TASK DIRECTIONS:
Which lines run from the start of the material below through the line containing "Muuto Eettafel Ø140 cm , Grijs Marmer/ Zwart"? Retype them exactly, pictures excluded.

RECORDS SHOWN:
..............................

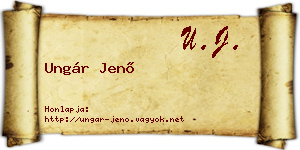 Ungár Jenő névjegykártya
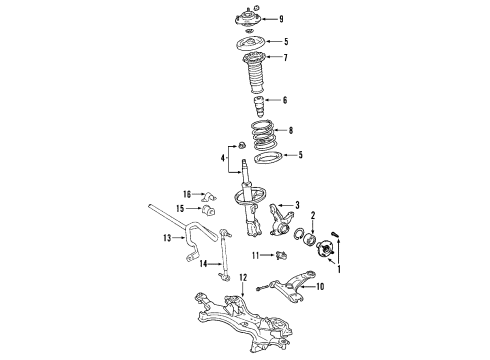 2004 Toyota Matrix Front Suspension, Lower Control Arm, Stabilizer Bar, Suspension Components Strut Diagram for 48510-A9340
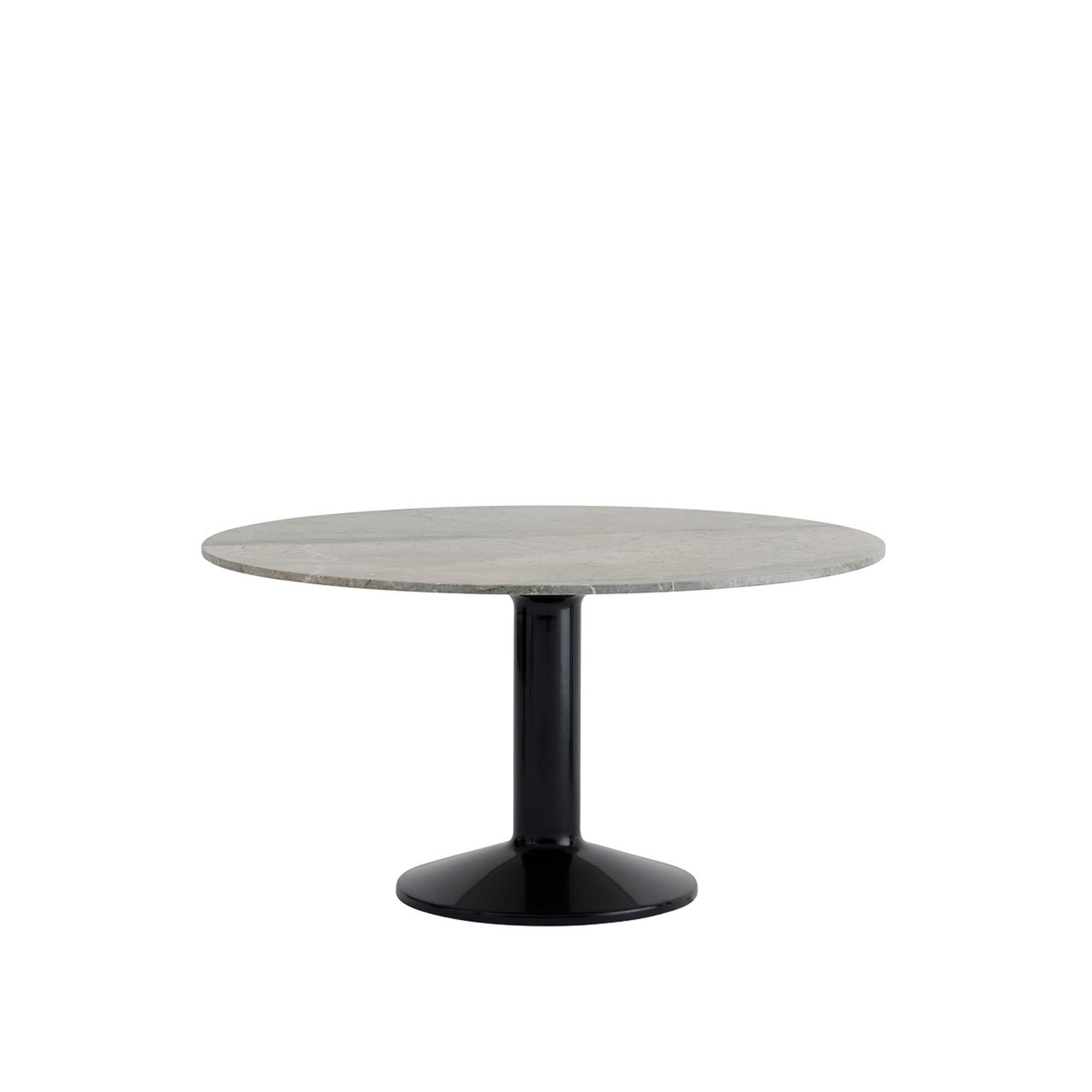 Muuto Eettafel Ø140 cm , Grijs Marmer/ Zwart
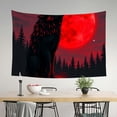 thumbnail image 2 of RKSupls Tapestry Wall Hanging Art, Black Wolf Howling at Red Blood Moon in Forest Tapestry Decoration for Daily Bedroom, Dorm, Living Room, Apartment Hallway Home Decor, 2 of 5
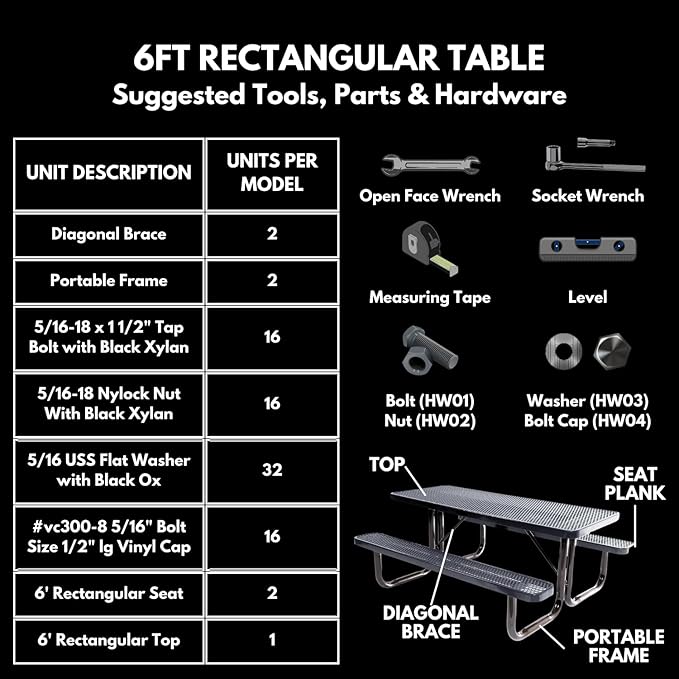 Coated Outdoor Furniture Heavy-Duty Portable Outdoor Kids Table, Punched Steel Kids Picnic Table, Commercial-Grade Picnic Table, Made in America (6ft Rectangular, Childrens, Black)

..............................

EXERCISE RESULT:
 Ungár Jenő névjegykártya
 2004 Toyota Matrix Front Suspension, Lower Control Arm, Stabilizer Bar, Suspension Components Strut Diagram for 48510-A9340
 Muuto Eettafel Ø140 cm , Grijs Marmer/ Zwart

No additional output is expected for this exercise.